Каков парадокс: живое заменить неживым.
— Но неужели твоим друзьям все равно?
— Нашим. В тебе столько же от меня, сколько во мне, — произносит этот человек с таким равнодушием, будто давно смирился со своей участью. Причем настолько, что теперь не видит альтернатив.
— Но так же нельзя.
— А как можно?
Примерно так он сам смотрел, когда… Мысль обрывается на половине. На кого он смотрел, если все его воспоминания ему не принадлежат? Слишком много потрясений, перебор с уничтожением привычного мира, который оказался фальшивым в гораздо большей степени, чем он смог бы вообразить.
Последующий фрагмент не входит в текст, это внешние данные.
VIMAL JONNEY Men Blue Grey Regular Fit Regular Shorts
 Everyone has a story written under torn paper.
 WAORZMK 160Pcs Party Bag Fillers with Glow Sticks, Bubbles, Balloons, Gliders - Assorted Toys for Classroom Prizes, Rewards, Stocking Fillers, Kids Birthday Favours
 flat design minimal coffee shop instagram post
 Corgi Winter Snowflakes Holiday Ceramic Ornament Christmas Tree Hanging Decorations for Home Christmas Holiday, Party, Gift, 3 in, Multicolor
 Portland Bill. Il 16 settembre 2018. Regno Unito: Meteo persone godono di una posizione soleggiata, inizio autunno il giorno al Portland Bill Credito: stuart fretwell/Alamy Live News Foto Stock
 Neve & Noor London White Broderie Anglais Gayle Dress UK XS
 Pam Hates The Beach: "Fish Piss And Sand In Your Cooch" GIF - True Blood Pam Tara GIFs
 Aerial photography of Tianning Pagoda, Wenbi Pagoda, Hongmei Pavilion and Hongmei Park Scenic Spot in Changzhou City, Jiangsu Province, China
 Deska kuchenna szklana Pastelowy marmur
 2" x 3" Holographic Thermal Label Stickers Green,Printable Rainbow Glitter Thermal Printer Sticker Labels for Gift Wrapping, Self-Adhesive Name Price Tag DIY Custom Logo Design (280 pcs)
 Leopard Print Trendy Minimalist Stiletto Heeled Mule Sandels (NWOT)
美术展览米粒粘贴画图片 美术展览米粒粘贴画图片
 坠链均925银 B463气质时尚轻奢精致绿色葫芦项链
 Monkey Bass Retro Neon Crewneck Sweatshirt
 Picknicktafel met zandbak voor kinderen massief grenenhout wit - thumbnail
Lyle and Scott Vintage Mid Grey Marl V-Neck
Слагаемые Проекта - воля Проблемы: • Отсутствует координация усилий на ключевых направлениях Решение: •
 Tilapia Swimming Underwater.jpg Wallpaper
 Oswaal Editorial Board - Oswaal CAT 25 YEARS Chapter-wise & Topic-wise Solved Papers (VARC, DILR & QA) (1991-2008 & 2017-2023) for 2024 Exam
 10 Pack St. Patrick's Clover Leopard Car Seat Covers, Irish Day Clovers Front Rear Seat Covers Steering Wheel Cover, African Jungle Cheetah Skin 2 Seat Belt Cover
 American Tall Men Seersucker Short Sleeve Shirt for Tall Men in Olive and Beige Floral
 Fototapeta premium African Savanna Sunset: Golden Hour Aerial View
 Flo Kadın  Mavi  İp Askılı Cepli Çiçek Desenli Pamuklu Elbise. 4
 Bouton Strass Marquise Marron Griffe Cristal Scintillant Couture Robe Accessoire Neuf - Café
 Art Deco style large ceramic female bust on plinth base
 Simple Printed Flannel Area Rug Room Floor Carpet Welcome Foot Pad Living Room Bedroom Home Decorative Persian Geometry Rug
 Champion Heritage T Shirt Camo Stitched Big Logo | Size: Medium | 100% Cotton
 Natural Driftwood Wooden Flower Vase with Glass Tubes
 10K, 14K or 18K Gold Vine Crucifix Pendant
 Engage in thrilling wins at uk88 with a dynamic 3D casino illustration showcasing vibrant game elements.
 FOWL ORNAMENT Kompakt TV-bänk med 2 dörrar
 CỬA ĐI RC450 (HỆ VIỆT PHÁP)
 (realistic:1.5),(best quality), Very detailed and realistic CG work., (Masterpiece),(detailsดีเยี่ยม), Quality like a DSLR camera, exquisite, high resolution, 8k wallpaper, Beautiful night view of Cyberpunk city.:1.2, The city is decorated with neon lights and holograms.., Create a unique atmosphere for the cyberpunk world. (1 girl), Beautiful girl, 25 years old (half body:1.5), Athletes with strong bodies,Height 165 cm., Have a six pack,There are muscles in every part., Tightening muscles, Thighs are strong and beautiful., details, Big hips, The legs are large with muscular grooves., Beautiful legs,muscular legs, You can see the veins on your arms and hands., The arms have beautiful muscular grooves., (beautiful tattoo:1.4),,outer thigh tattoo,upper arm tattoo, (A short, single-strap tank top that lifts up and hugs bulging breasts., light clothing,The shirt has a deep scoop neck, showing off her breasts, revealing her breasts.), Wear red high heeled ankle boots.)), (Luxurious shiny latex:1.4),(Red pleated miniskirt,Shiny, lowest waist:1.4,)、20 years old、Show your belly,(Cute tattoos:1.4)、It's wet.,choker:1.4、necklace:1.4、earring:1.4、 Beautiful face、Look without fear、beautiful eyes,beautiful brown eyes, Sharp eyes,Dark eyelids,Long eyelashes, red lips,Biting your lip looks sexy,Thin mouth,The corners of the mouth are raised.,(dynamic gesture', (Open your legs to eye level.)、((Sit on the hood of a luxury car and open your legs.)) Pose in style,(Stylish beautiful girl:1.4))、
— Во мне только директивы и процессор для их обработки.
— А еще поведенческие модели и, не побоюсь этого слова, — сознание. Наши отпечатки идентичны, температурные режимы. Ход мыслей. Даже чувства — от этого разговора не только меня тошнит, правда? — Саймон смеется, но в этом смехе радости нет ни капли. — Тебе всего лишь придется занять мое место.
Предложение вводит в ступор, он едва не цепляется за детский манекен на полу. В ушах звенит.
Маркус что-то колдует над карманным терминалом, стальные заграждения за стеклянной дверью запасного выхода опускаются.
Осознание ситуации слишком медленно вползает в голову.
— Что, если это твой единственный выход? — Маркус не отрывается от дисплея. Передатчик в нагрудном кармане что-то хрипит голосом Норт.
Нет, ну они же не могут заявлять это на полном серьезе.
— Почему это выход?
— Иначе тебя снова вернут сюда. Снова. И все повторится. Каждое воскресение ты будешь здесь под светом софитов, пока тестовые группы заново не отыщут среди живых АН600 взрослой модели. Ты этого хочешь?
Саймон молча обнимает себя поперек груди, в то время как он ощущает примерно тот же холод и тянет рукава свитера к пальцам.
Все происходит слишком быстро: грохочет выстрел, Маркус оседает на пол, а он даже не успевает сориентироваться.
И ужас накатывает с новой силой, лишь когда перемазанная тириумом Хлоя в алом платье целится в Саймона.
Полсекунды, а может и меньше уходит на принятие решения.
Саймон не должен умереть.
Но чертово время разыгрывает другой расклад: выбежавший из-за поворота Джош попадает точно в цель.
***
[Sun, 20 Jun 2038 13:15:34 GMT]
Сердце в груди бьется размеренно, мягко. Сердце почти не тревожит, не колет, но оно у него живое, живее чем требуется, иногда даже слишком. Пальцы холодные вплоть до ладоней и противно дрожат, точно им нечем заняться.
Где-то должна быть алая стена, он крутит головой, но нигде ее не находит и вперивается в дрожащие руки.
Приятный факт: алой стены больше нет.
В молле не такой ад, как на улице, здесь всего-то семьдесят градусов против июньской жары, из-за которой асфальт заходится вязкими смоляными слезами. Влюбленная парочка — рыжеволосая девушка и высокий парень — ругаются за соседним столом, седой полицейский смеется вместе с сыном и поглощает фисташковое мороженое, у стены над книгой склонился светловолосый мужчина. Саймон потягивает остывший кофе, и тот на удивление оказывается невероятно вкусным.
— Я же сказал, Саймом, что верну тебя домой.
Сквозь пелену хора голосов и громких нот пробирается желанная фраза. Он часто моргает, ощущая, как все внутри переворачивается и по спине пробегает табун мурашек особо крупных размеров. Мягкая улыбка, отзеркаленная поза и шумный выдох — пламя на свечах кексов колеблется от порыва, злобно кусает голографический парафин.
Неужели его желание исполнилось? Неужели это не сон?
И Саймона совершенно не тревожит некстати подвернувшаяся мысль, что все это уже было, что сегодня совсем другой день, и почему-то в «Иерихоне» больше нет людей. Всех тех, чьи имена будоражили сердце, или что-то отдаленно похожее на сердце.
Главное другое — они с братом живы.
Главное — он слышит вместо «похоже, Саймон, благодаря твоим друзьям придется начать серию тестов заново» желанное: «я верну тебя домой».
Главное — он видит Даниэля вместо Элайджи Камски, который садится напротив и задувает свечу.